Available records ->
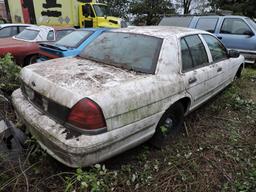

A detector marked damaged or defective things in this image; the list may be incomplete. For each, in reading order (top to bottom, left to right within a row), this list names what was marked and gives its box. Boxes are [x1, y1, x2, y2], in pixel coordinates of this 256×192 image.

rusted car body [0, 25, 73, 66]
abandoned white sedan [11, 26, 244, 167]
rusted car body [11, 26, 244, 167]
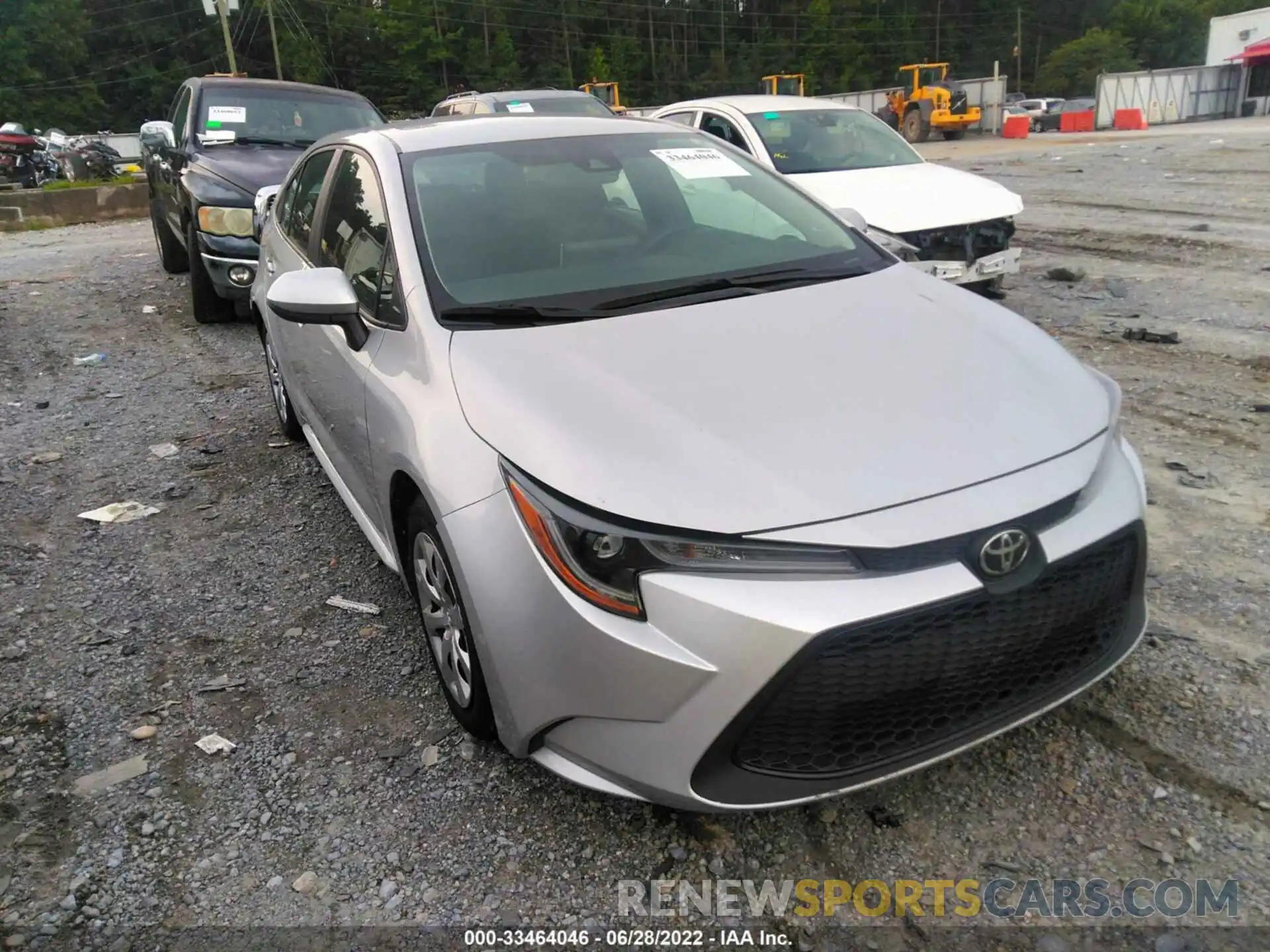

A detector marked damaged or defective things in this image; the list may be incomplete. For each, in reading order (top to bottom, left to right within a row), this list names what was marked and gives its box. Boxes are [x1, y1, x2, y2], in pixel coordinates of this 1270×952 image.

What you should do -> Leaving the images out, return every record exactly.

Answer to this problem ->
A detector marked damaged or defective things in this image; the list may be incomplete. For each, in reading order (top to bottom, left to right within a row), this list names what was marked and gives its box. Boxes are [x1, y1, x2, y2], in pixel coordinates of this 256×192 image.

rusted car body [0, 25, 73, 66]
abandoned white sedan [11, 26, 244, 167]
rusted car body [11, 26, 244, 167]

A detector marked damaged or defective things in this image; the list may be incomplete. For each, in reading order (top to bottom, left to right within a row), this list names what was marked and gives its box. Boxes are [x1, y1, x2, y2], in pixel coordinates of this 1270×952 image.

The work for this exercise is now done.